--- Data in this exercise ---

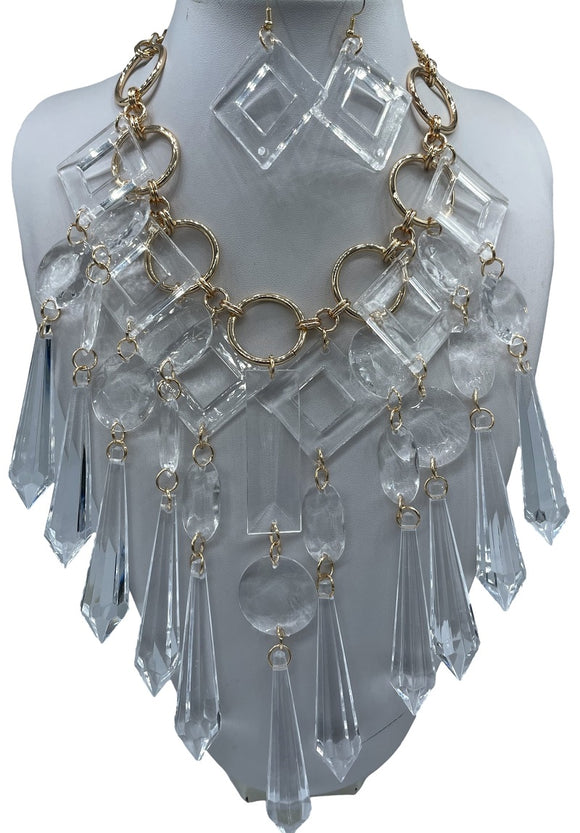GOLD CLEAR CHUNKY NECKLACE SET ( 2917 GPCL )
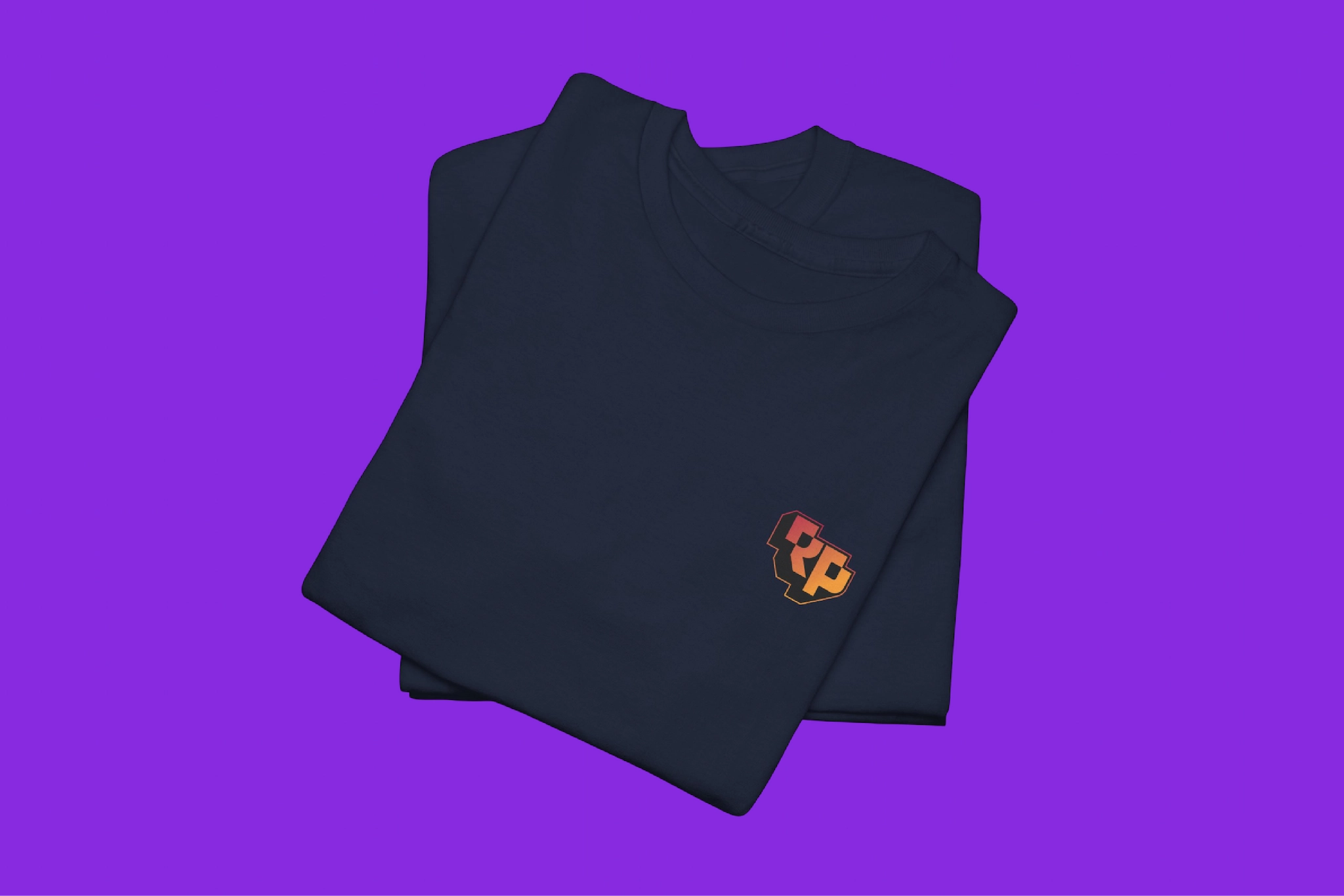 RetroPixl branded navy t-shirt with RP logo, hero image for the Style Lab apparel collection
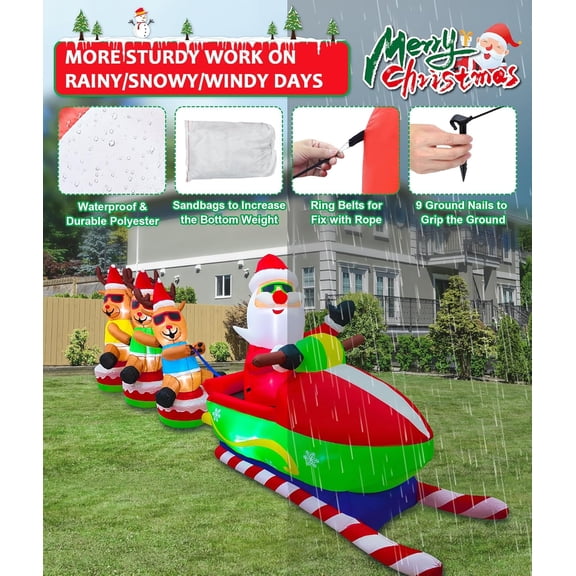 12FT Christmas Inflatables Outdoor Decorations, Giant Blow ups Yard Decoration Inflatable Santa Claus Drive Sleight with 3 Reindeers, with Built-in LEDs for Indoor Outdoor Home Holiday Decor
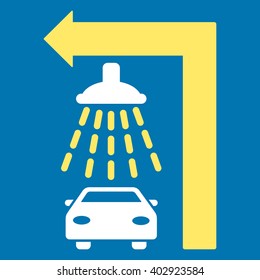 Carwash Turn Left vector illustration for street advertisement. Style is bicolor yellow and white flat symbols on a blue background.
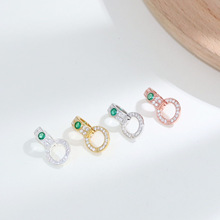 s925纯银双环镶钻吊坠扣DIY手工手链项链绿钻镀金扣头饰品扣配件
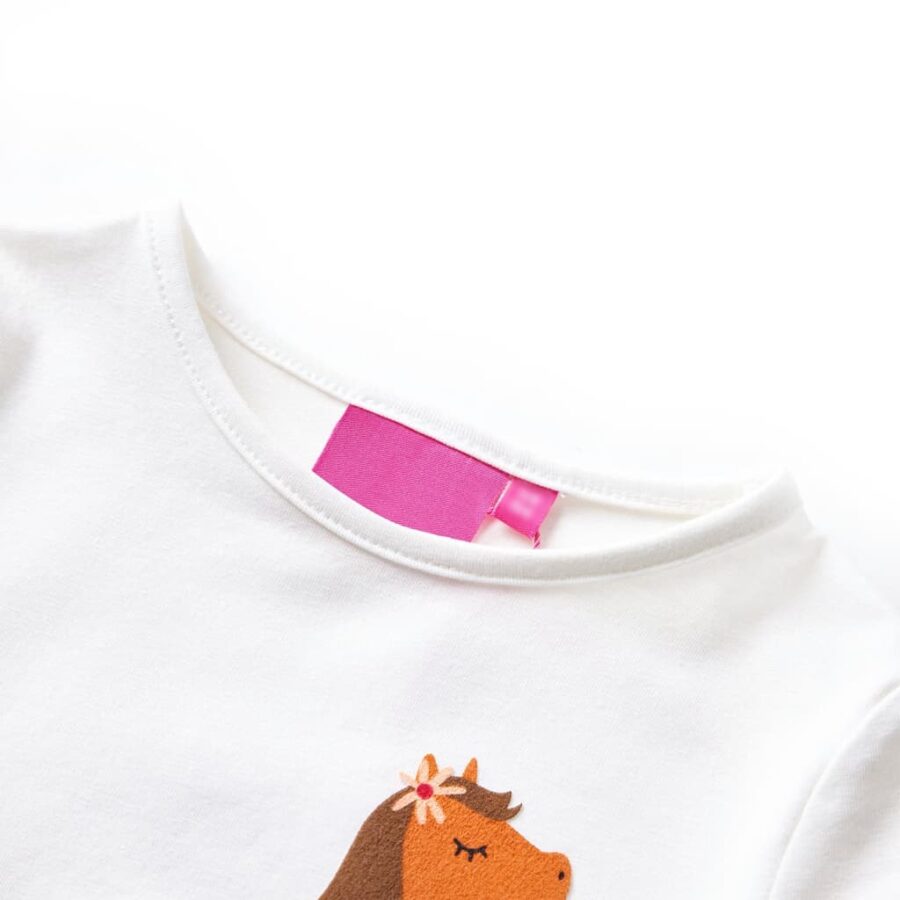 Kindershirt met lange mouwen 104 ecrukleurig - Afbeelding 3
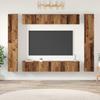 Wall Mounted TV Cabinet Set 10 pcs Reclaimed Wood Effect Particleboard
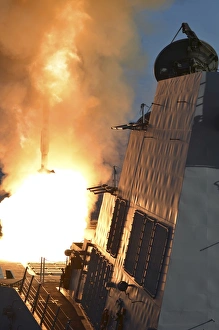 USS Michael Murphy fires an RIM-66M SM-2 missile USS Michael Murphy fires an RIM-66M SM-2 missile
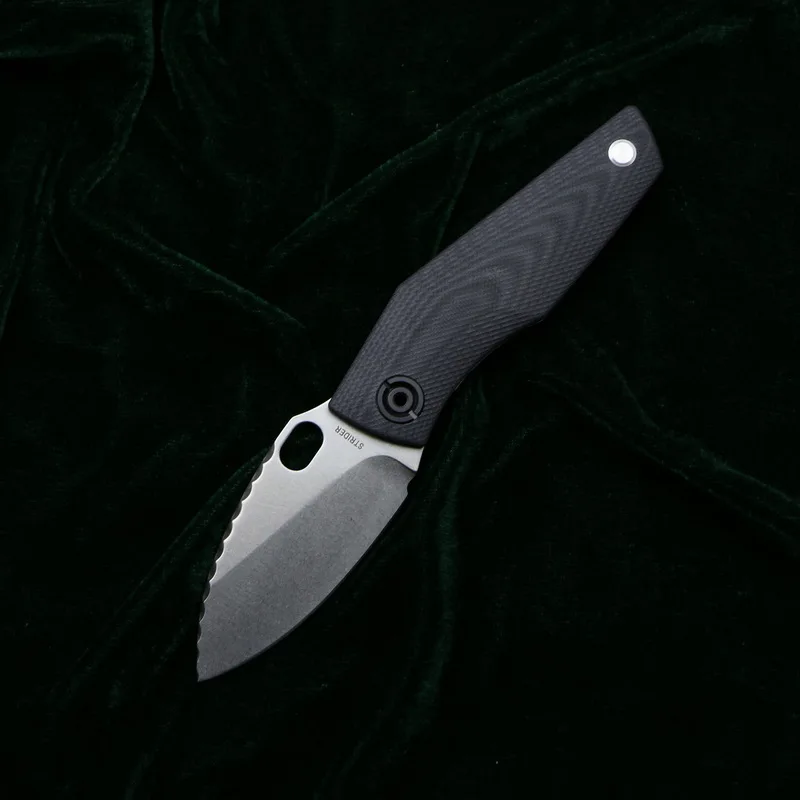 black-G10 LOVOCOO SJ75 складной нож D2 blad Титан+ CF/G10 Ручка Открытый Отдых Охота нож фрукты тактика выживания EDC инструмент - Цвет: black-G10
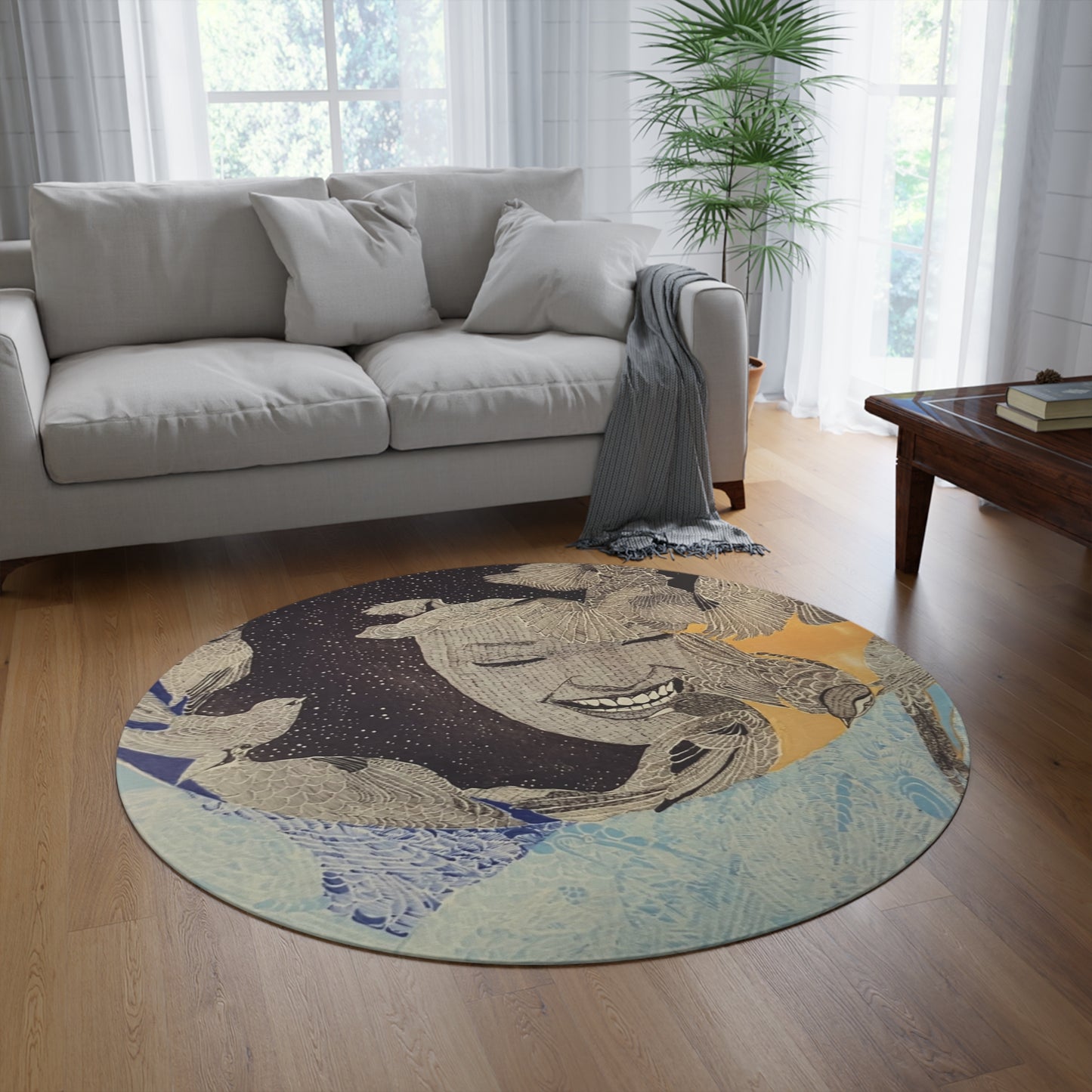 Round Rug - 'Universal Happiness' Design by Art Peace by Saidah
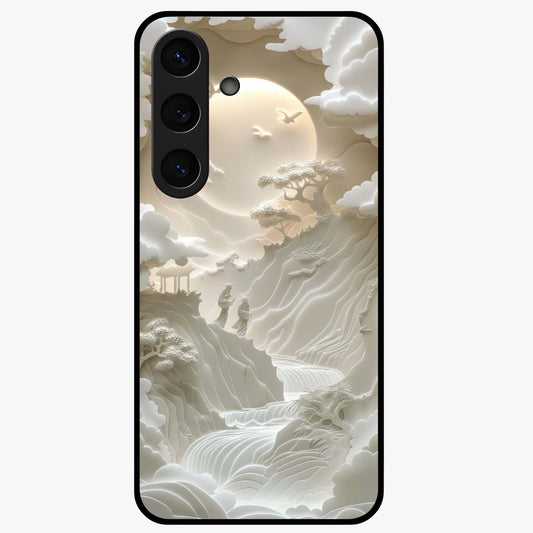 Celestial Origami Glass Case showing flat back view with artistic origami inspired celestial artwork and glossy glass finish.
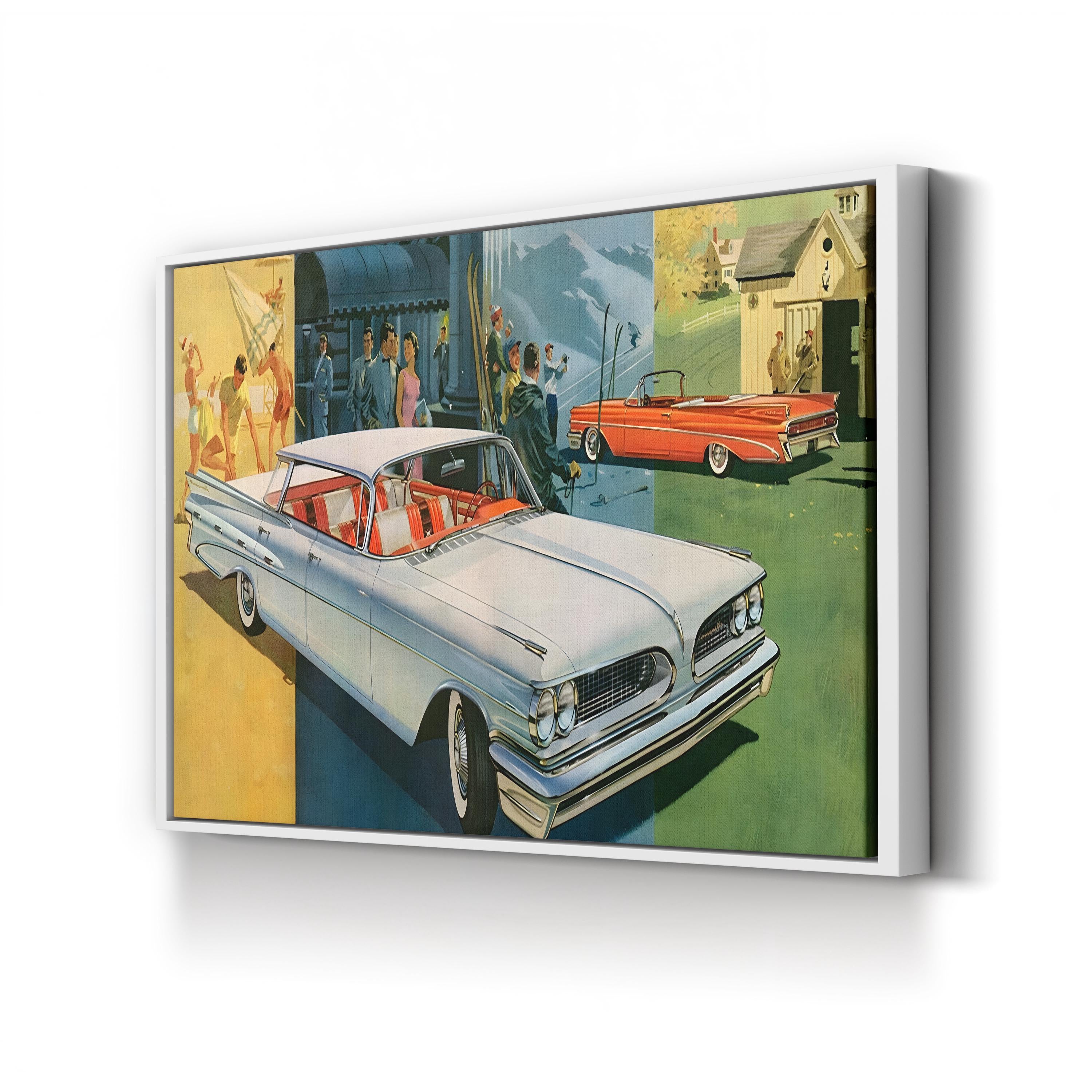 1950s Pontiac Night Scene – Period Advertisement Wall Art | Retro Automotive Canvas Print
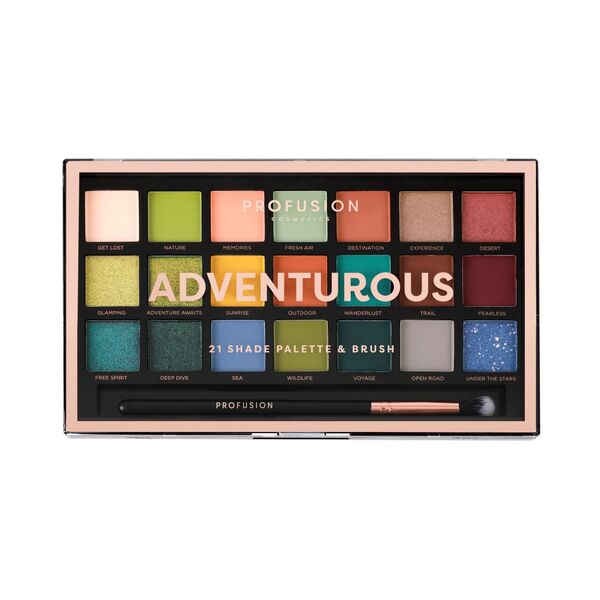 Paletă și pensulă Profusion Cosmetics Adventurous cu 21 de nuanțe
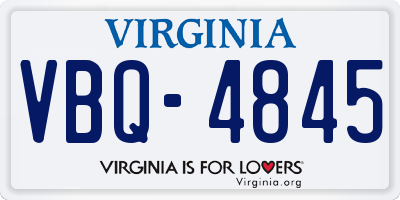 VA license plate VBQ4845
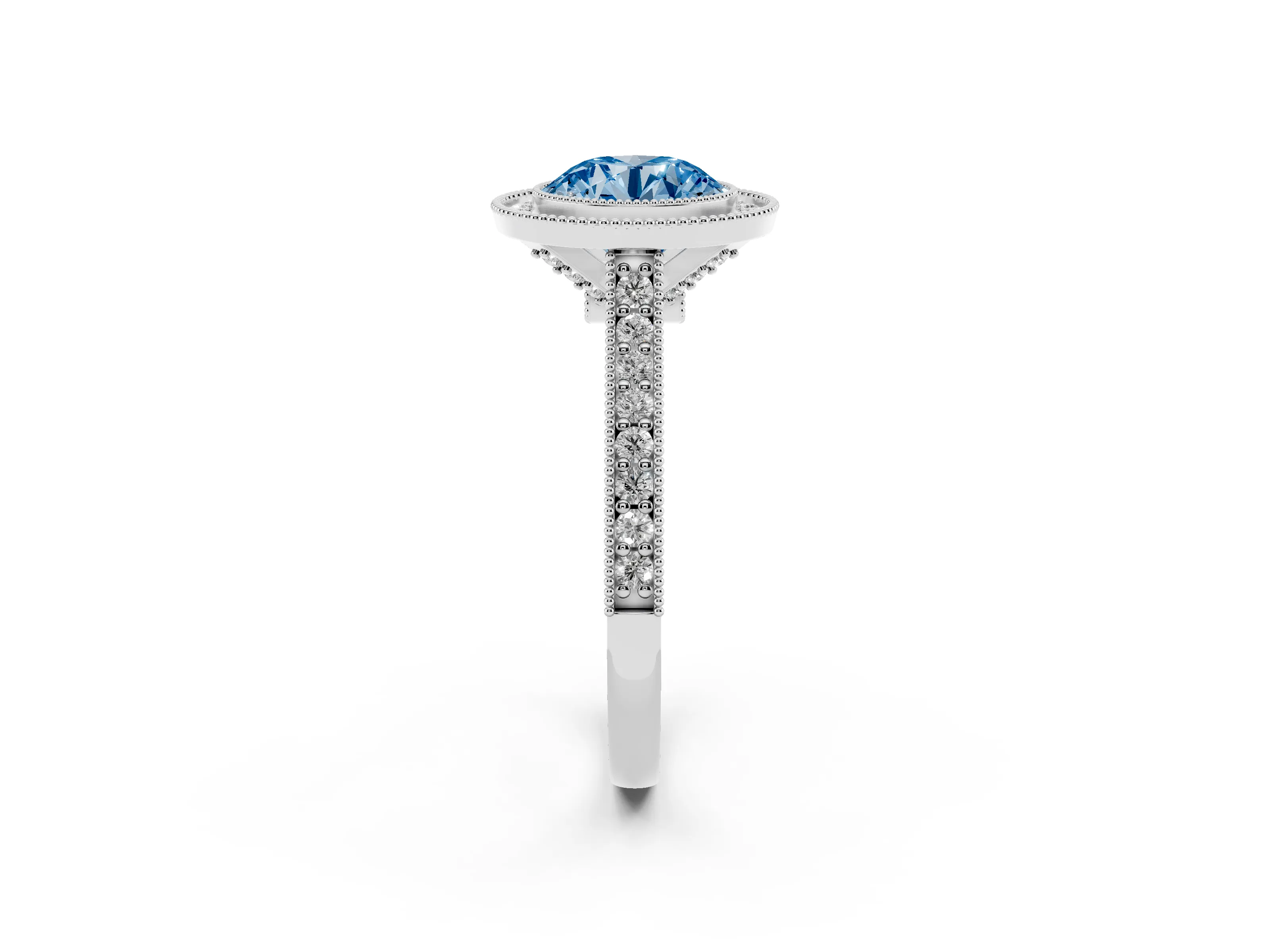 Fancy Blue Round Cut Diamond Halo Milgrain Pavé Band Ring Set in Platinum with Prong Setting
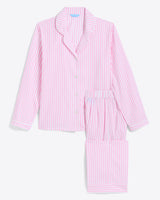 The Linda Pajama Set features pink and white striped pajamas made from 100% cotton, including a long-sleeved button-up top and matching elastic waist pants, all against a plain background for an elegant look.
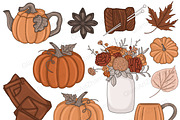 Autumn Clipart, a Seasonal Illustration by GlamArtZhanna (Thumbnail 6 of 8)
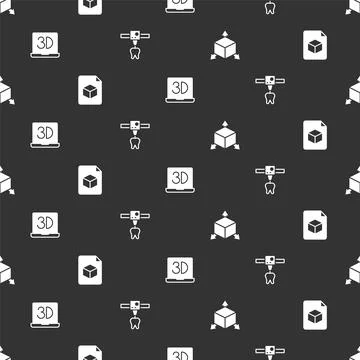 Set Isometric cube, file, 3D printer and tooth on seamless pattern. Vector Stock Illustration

---

» **How to complete this task**
Return the lines from the one containing "Wall Mounted TV" through the last line of the records, both included, exactly as written and with no pictures.

» **Written solution**
 Wall Mounted TV Cabinet Set 10 pcs Reclaimed Wood Effect Particleboard
 USS Michael Murphy fires an RIM-66M SM-2 missile USS Michael Murphy fires an RIM-66M SM-2 missile
 black-G10 LOVOCOO SJ75 складной нож D2 blad Титан+ CF/G10 Ручка Открытый Отдых Охота нож фрукты тактика выживания EDC инструмент - Цвет: black-G10
 Round Rug - 'Universal Happiness' Design by Art Peace by Saidah
 Celestial Origami Glass Case showing flat back view with artistic origami inspired celestial artwork and glossy glass finish.
 1950s Pontiac Night Scene – Period Advertisement Wall Art | Retro Automotive Canvas Print
 Paletă și pensulă Profusion Cosmetics Adventurous cu 21 de nuanțe
 VA license plate VBQ4845
 Fancy Blue Round Cut Diamond Halo Milgrain Pavé Band Ring Set in Platinum with Prong Setting
 The Linda Pajama Set features pink and white striped pajamas made from 100% cotton, including a long-sleeved button-up top and matching elastic waist pants, all against a plain background for an elegant look.
 Autumn Clipart, a Seasonal Illustration by GlamArtZhanna (Thumbnail 6 of 8)
 Set Isometric cube, file, 3D printer and tooth on seamless pattern. Vector Stock Illustration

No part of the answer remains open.